Background Operation

What works headless and what needs window focus.

Background-first

agent-click is designed to run actions without bringing apps to the foreground. Most operations work while the app is minimized or behind other windows.

Native apps (macOS)

ActionHeadless?Method
Click (single)YesAXPress
Type with selectorYesAXSetValue
Read textYesAccessibility tree
SnapshotYesAccessibility tree
Get valueYesAccessibility tree
Move windowYesAXSetPosition
Resize windowYesAXSetSize
Scroll to elementYesAXScrollToVisible
Key pressNoCGEvent (needs focus)
Scroll directionNoCGEvent (needs focus)
Double-clickNoMouse simulation
Right-clickNoMouse simulation
DragNoMouse simulation
ScreenshotNoNeeds visible window

Electron apps (CDP)

ActionHeadless?Method
ClickYesJS element.click()
TypeYesInput.insertText
Key pressYesInput.dispatchKeyEvent
ScrollYesJS scrollBy()
Read textYesdocument.body.innerText
SnapshotYesDOM walker via Runtime.evaluate
ScreenshotNoNeeds visible window

How AXPress works

When you run agent-click click @e5, agent-click sends an AXPress action to the element via the macOS accessibility API. This is the same mechanism VoiceOver uses — it doesn't move the mouse cursor or activate the window.

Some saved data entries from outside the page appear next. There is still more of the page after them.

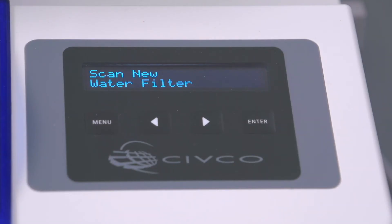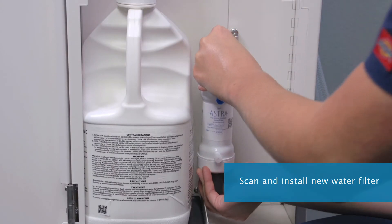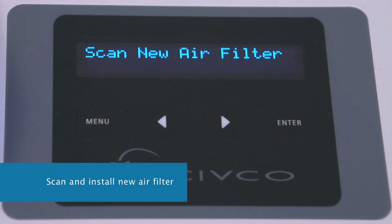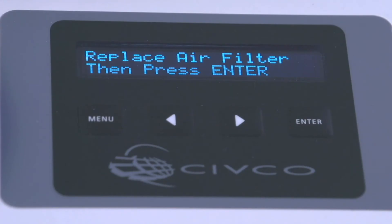Pressing Enter will prompt you to scan your ID, and then you will scan the new water filter. Install the new water filter once scanned, then press Enter on the screen, followed by scanning the new air filter. Install the new air filter once scanned, then press Enter on the screen.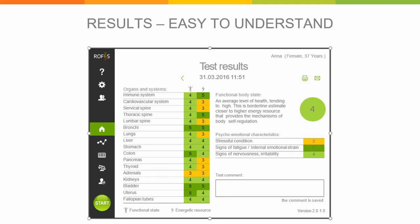Here is how your test results would look — it is very simple to understand. It gives you an overall grade highlighted in the color scheme, and goes through all 17 systems we've mentioned, as well as stressful conditions, fatigue, nervousness, and irritability. This gives you a truly holistic picture of your overall state of being within just three minutes, and you can interpret the results very easily even as a layman.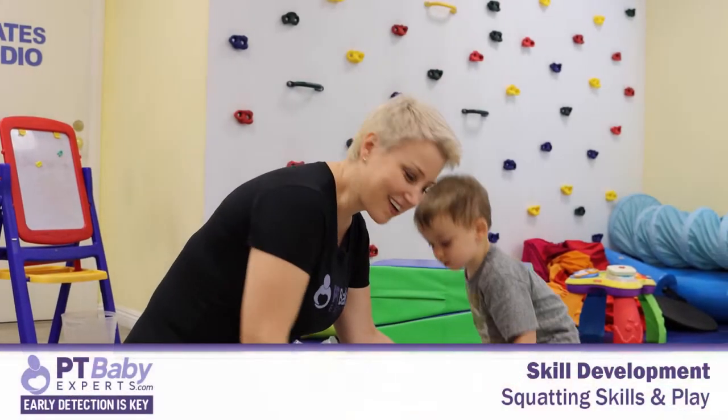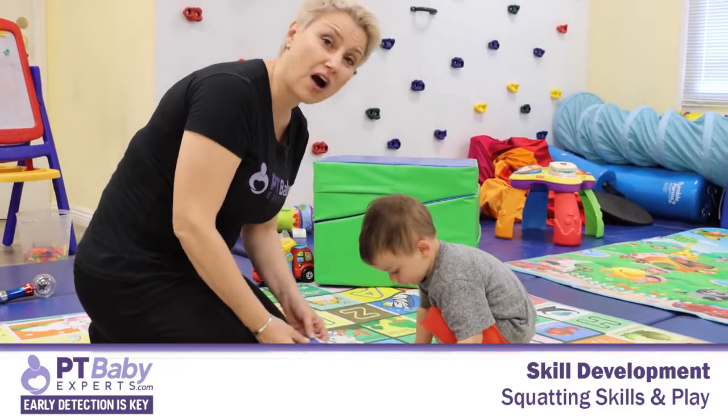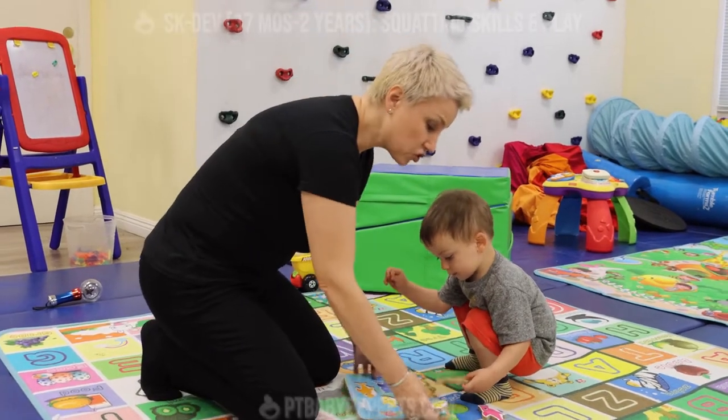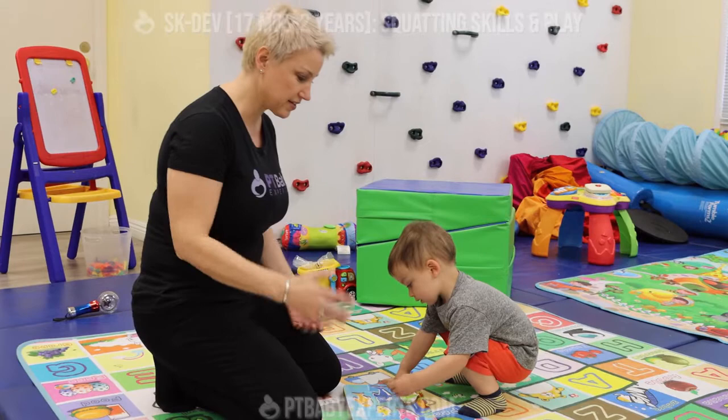Welcome to PTBabyExperts.com. Today we are going to work on a skill — the skill of squatting — called squatting in play, which is what your child should be doing around the age of 17 months to two years of age.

The app processes the press in its event loop without becoming frontmost.

If AXPress isn't supported for a particular element (rare), agent-click falls back to coordinate-based mouse clicking, which does require the window to be visible.

Why scroll and key need focus

macOS routes keyboard and scroll events to the frontmost application. There's no accessibility equivalent of AXPress for keyboard input. The OS security model prevents injecting keystrokes into background apps.

For Electron apps, this limitation doesn't apply — CDP dispatches events directly to the Chromium process via WebSocket, bypassing the OS event system entirely.